WHAT IS NEEDED: A single stretch of the material below is to be transcribed exactly, starting at the line with "富士市今泉の中古一戸建の内装" and ending after the line with "FOTO: Wali Kota".
RECORDS Block Start
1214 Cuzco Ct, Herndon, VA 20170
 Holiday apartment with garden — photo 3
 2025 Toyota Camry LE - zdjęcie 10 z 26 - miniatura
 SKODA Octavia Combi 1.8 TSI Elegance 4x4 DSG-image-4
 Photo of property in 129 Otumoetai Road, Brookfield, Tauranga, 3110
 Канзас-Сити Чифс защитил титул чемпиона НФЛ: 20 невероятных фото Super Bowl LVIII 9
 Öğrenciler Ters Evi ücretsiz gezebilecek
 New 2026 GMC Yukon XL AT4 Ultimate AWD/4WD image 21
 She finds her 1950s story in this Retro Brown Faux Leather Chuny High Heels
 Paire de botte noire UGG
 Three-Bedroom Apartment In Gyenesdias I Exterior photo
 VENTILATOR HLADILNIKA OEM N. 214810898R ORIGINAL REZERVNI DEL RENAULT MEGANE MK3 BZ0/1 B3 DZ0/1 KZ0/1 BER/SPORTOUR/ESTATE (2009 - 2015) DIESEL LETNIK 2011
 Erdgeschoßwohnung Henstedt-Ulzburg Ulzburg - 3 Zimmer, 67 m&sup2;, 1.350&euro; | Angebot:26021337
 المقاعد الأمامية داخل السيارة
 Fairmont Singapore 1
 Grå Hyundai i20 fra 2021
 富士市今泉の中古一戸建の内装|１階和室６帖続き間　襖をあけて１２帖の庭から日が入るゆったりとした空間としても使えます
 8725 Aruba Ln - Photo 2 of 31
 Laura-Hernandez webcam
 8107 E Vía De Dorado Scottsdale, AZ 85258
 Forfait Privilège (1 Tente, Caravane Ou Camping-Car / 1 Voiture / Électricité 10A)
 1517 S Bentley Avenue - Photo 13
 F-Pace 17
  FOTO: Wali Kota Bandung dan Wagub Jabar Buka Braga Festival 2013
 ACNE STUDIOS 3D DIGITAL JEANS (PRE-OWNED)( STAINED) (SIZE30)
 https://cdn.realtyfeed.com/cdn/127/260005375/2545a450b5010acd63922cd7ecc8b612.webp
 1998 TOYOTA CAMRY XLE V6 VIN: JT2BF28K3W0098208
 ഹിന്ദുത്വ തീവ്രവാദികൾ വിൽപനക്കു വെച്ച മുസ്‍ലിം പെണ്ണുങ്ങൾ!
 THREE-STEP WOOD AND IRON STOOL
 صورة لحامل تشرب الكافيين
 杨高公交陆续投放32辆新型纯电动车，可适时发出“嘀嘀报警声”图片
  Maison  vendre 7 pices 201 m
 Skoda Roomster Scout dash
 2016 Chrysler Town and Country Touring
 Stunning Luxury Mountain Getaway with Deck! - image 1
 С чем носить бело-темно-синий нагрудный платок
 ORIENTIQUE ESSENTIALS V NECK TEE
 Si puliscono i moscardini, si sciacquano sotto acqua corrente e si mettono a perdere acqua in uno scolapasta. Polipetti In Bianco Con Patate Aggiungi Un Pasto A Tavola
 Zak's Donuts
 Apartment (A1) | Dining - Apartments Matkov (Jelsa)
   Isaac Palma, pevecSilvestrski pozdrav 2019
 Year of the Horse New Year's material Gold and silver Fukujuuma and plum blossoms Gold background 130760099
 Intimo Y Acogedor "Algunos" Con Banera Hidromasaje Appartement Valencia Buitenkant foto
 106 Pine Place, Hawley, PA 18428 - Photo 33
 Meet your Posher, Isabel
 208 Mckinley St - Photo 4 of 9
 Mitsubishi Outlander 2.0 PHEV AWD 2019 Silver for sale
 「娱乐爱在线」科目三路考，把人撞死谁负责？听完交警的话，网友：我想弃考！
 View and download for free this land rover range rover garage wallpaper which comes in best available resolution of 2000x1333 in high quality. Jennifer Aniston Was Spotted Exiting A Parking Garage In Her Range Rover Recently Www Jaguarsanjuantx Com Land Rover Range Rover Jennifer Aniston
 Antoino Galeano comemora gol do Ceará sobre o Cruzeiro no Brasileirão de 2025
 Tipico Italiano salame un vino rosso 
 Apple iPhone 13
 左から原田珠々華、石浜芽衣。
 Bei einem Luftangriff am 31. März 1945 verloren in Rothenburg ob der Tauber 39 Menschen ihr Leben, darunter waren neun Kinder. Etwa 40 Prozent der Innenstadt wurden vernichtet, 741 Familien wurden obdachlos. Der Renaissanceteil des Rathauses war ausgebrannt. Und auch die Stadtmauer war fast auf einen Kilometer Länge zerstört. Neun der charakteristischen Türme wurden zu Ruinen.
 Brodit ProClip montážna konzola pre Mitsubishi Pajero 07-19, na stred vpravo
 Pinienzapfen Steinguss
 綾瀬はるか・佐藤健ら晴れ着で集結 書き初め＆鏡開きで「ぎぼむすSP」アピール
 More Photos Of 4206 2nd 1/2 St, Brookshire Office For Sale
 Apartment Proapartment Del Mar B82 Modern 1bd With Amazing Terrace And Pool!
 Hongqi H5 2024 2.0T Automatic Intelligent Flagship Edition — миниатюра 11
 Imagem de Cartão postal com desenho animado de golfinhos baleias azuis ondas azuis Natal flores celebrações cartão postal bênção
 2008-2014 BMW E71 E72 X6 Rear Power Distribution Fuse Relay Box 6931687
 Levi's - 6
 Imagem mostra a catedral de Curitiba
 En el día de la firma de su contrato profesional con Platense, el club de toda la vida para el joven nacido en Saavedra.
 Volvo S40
RECORDS Block End
FINISHED TASK:
 富士市今泉の中古一戸建の内装|１階和室６帖続き間　襖をあけて１２帖の庭から日が入るゆったりとした空間としても使えます
 8725 Aruba Ln - Photo 2 of 31
 Laura-Hernandez webcam
 8107 E Vía De Dorado Scottsdale, AZ 85258
 Forfait Privilège (1 Tente, Caravane Ou Camping-Car / 1 Voiture / Électricité 10A)
 1517 S Bentley Avenue - Photo 13
 F-Pace 17
  FOTO: Wali Kota Bandung dan Wagub Jabar Buka Braga Festival 2013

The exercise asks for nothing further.